The biggest problem with parallel banks is keeping all the batteries equally charged. Even very short runs of large wire still have a bit of resistance. So, if you just lay all the batteries side by side and use jumpers down the entire length, then pull power off one end, the battery at the end you are pulling from sees less wire between it and the load than the one at the other end of the string. Same thing for charging, it's easier to push power into the closest one than the one at the far end.
One option to overcome that is to tap power at diagonally opposite ends of the bank, so if you are standing at one end of the string you hook (say) the negative there then the positive connects to the battery down at the farthest end. That puts the same number of "links between batteries" in the path current takes through any battery in the string. (This is what I have done with my 12V bank.)
On the charging, the "recommended" charge rates are generally in the 5-10% of total AH capacity range. Some AGMs actually go much higher. Your batteries are 100AH capacity, when you parallel them you wind up with 1400AH. 5-10% of that is 70-140, so the recommended charge rate would be 70-140 amps. Personally, I've found it isn't always necessary, I have successfully kept batteries charged with 2-3% of AH, but it's slow and (with solar) very likely to mean many frequent days without full charge if the day isn't bright and sunny, especially if you use very much of the bank's capacity at all.
Here's a website I found quite useful for learning about batteries and charging, it'll tell you more than you ever wanted to know about them! :-)
http://www.batteryuniversity.com/index.htm
If you have a real reason / desire to run 12V, there's certainly nothing wrong with that. My bank is set up 12V, but that was because I run my ham radio gear straight off of it. And as others said, it's a lot easier to find 12V "stuff" to run straight off the bank. But if someone isn't intending to get 12V gear, and their primary interest is items that are going to run from an inverter (as your list suggested to me) there's no real need to do so.
The higher you go with the voltage of the bank, the lower the current. That is really the whole reason in a nutshell. Current flow is what generates heat and losses, and requires larger / lossier / more power hungry devices to handle. So the lower you can get it, the more efficient everything will be. It can also be harder (or more expensive) to find switches, breakers and such to handle the larger currents.

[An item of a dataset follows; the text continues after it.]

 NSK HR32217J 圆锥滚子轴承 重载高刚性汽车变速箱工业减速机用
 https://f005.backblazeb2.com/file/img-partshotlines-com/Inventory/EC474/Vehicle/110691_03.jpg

The most interesting thing I have found is how hard it is to keep the voltage drop in a run of wire acceptable. Most of the wire sizing charts you will find are based on an "acceptable" voltage drop. That is, if you run up to the amperage limits they allow, you WILL have X% voltage drop. At 120V, that might be okay. At 48V even, it's not too terrible. But at 12V, with so little room between full charge and discharged, it can be a real problem for some electronics that are sensitive to it.
And while yes, 48V is potent, I would say a 12V bank has the potential to be just as hazardous. It needs to be well-protected from prying fingers and eyes regardless of the voltage. A metal tool (or anything conductive) accidentally dropped across a bank with that capacity is going to vaporize metal, sending what's left flying in a big bang. You won't have the big problem with hydrogen gas generation that a flooded-cell bank would, but even AGMs can vent gas if overcharged.
Anyway, as you said initially there's plenty to learn so jump in and have fun! :-) There's no reason you can't decide later to rearrange things if you want. I have already done that a couple times myself. I've only been reading about and experimenting with this stuff for a year now, started with the Harbor Freight 45W kit last summer and just finished a 500W system this month. I did have a little head start, as I'm an electrical engineering grad but the whole off-grid power system idea has been a fun new learning experience for me.